Сочинен он не Светловым, а по мотивам светловской «Каховки». Но любопытно, что создавался этот текст почти в тот же самый день, когда Михаил Светлов писал по моей просьбе новую «Каховку» на Северо-Западном фронте. Написал его бывший редактор районной газеты, в то время инструктор политотдела 417-й стрелковой дивизии, а ныне подполковник запаса Павел Митрофанович Вяжевич. Вот что он сообщил:
«Получил ваше письмо. Неожиданное. Но очень радостное. Многое припомнилось о том, как все было.
…Казаки корпуса генерала Кириченко стремительно прорвались к Турецкому валу. Фронт немцев был разорван и быстро двигался к горловине Крыма. Чтобы сокрушить врага, требовались решительные действия. На нашем направлении важнейшим пунктом была Каховка. Каждая из дивизий, сосредоточенных здесь, считала для себя честью первой войти в этот легендарный город.
Приднепровская осень. Полуразрушенный хутор Крыловский. Тихо. Но это только кажется. У одной из землянок командир дивизии генерал Бобраков дает последние указания командиру ударной группы майору Зарудневу:
1*Ныне в Каховке есть улица Михаила Светлова и поселок Светлово.
– До Каховки восемьдесят километров. В стане врага паника. Пробиться к городу на больших скоростях. Смять оборону противника и без промедления – за Днепр!
Майор Заруднев, его заместитель по политчасти капитан Сазонов и парторг батальона старший лейтенант Жаворонков вышли к машинам, на которых разместились воины. Минута – и они устремились в сторону Каховки.
Вслед за колонной машин, на кабинах и радиаторах которых были установлены пулеметы, скакали на лошадях мы: заместитель командира дивизии по политчасти полковник Миролевич, его адъютант Вася, заместитель командира артдивизиона майор Басаев, я и другие товарищи.
– А песня, песня! – поравнявшись со мной, крикнул полковник Миролевич.– Сколько можно тебя просить! На рассвете будем в Каховке.
«Каховка, Каховка…» – запел кто-то.
На первом же привале мой друг старший лейтенант Иван Савченко, заслуженный деятель искусств Дагестанской АССР, автор музыки нескольких моих фронтовых песен, сказал: «Не ломай голову. Лучше Михаила Светлова о Каховке никто не скажет. Да и музыка эта облетела весь мир…»
Я достал блокнот и записал в нем:
Каховка, Каховка… Крылатая слава
По миру тебя пронесла.
Мы пели когда-то: «Иркутск и Варшава»,
Споем же про наши дела.
В 6 часов 30 минут утра 2 ноября 1943 года ударная группа майора Заруднева после ожесточенной кровопролитной схватки на плечах отступающего противника ворвалась в Каховку.
В моем блокноте добавились строки:
К тебе мы, Каховка,
Пробились с винтовкой,
Чтоб счастье за Днепр пронести…
Михаил Светлов писал о всей нашей армии.

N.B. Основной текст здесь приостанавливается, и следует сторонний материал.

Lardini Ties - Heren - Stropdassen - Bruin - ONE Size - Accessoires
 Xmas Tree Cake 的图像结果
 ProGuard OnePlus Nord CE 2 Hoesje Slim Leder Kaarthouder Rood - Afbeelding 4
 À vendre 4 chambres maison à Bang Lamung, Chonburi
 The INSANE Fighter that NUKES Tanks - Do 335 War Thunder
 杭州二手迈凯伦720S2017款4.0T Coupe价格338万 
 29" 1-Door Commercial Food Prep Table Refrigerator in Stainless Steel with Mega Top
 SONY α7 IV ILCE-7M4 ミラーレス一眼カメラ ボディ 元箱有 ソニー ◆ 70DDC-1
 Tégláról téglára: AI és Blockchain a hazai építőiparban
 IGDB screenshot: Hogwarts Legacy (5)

А здесь речь шла об одной моей родной дивизии. И я написал о ее боевых верстах:
Моздок, Приазовье,
Кубань и Каховка -
Этапы большого пути.
Воины из ударной группы майора Заруднева на лодках, бревнах и других подручных средствах устремились за Днепр. И я, находясь в одной из лодок, дописал в блокноте:
Гремела атака,
И вниз по Днепровью
Катился потрепанный враг.
И снова в Каховке,
Омытою кровью,
Мы подняли Родины флаг.
В светловской «Каховке» есть милый образ девушки. В нашей дивизии их было много. Среди них особое место принадлежит военфельдшеру Кате, рыжей, курносой русской девушке. Фамилии ее не помню.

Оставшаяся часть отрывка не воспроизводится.